Un lugar imperdible de Montreal que transporta al visitante a París, mucho más allá que el idioma francés o las crepes que se ofrecen en cualquier esquina, es la Basílica de Notre-Dame. Aunque su construcción comenzó en 1672, la que vemos ahora fue inaugurada en 1829, fiel al estilo gótico que evoca su parentesco con la famosa iglesia parisina construida varios siglos antes.
El otoño en Montreal está lleno de opciones. Salir a recoger manzanas al Parque Mont Saint-Bruno es muy popular, tanto como la exposición de linternas del Jardín Chino. También es posible disfrutar los preparativos del Halloween, que se adelantan bastante gracias a la cosecha de las enormes calabazas anaranjadas que por esos días adornan mercados públicos y tiendas. Todo está lleno de color y alegría; sin embargo, poco a poco los días se van haciendo más cortos, el sol se asoma cada vez más tímido y los árboles terminan por perder sus hojas: son los antecedentes del largo invierno que se avecina.

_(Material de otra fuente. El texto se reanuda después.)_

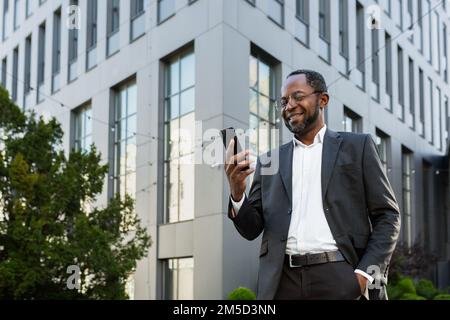 Successful and satisfied african american businessman using phone outside modern office building, mature man in business suit smiling and looking at smartphone screen texting. Stock Photo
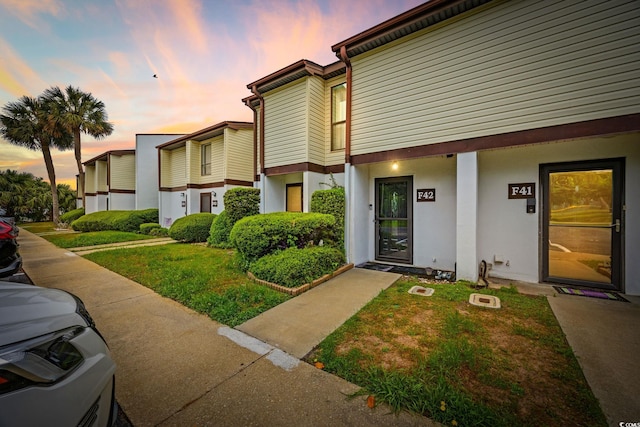 exterior space featuring a lawn and stucco siding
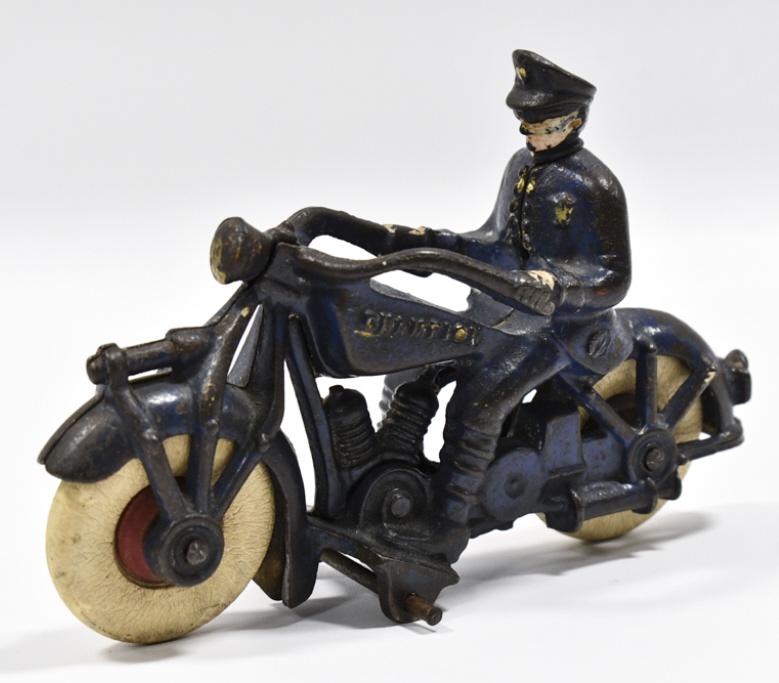 Cast Iron Champion Motorcycle w/ Police Rider: Cast iron Champion motorcycle with police rider. The motorycyle is missing one of the support wheels. The tires have some cracking from age. The bike has paint loss and wear from play and age. Measure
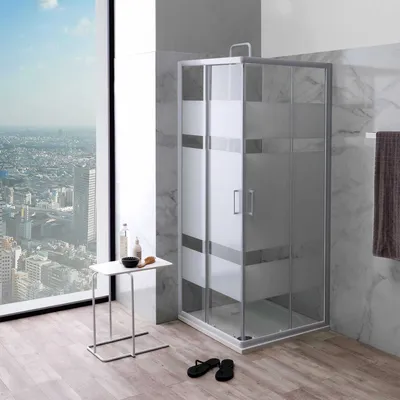A modern bathroom with a corner shower unit, a small side table with toiletries, and a large window overlooking a city.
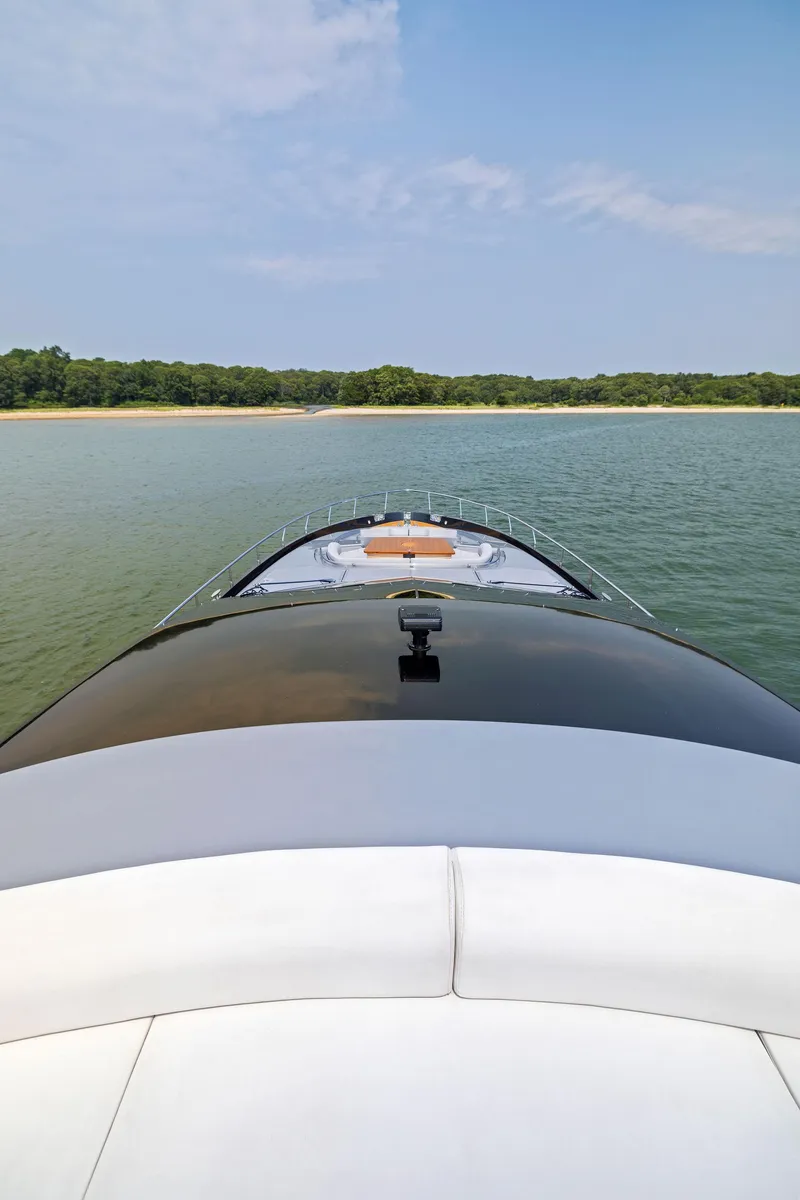 Slide: The Image of 2016 Riva 88' Domino Super yacht cruising on a serene lake. - 17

Es la hora de recordar que debajo de Montreal hay otra ciudad completa, en donde un laberinto de túneles, supermercados, centros comerciales, restaurantes y tiendas permiten llevar la vida de forma normal, incluso en chanclas y mangas de camisa, mientras arriba la temperatura puede bajar a -30 ºC. Es la forma de sobrevivir solo para los días más fríos, pues cuando la temperatura es “apenas de -10 ºC”, los deportes de nieve están a la orden del día y las postales de Navidad ocupan ventanas como las de mi hija en el Plateau. Pronto vendrá el colorido inmenso de las flores, especialmente de los tulipanes, que en un abrir y cerrar de ojos invaden bulevares, jardines y parques públicos cuando se declara de manera oficial la llegada de la primavera. Después, los colores son remplazados por el verde intenso del verano, cuando la gente se volca enloquecida a plazas y parques en un derroche de alegría y arte espontáneo. Los festivales están a la orden del día y el tam tams de los tambores resuena, para cerrar el ciclo después con el colorido interminable de Mount Royal en otoño, la foto de calendario preferida que ahora ocupa un espacio inmenso en mi casa.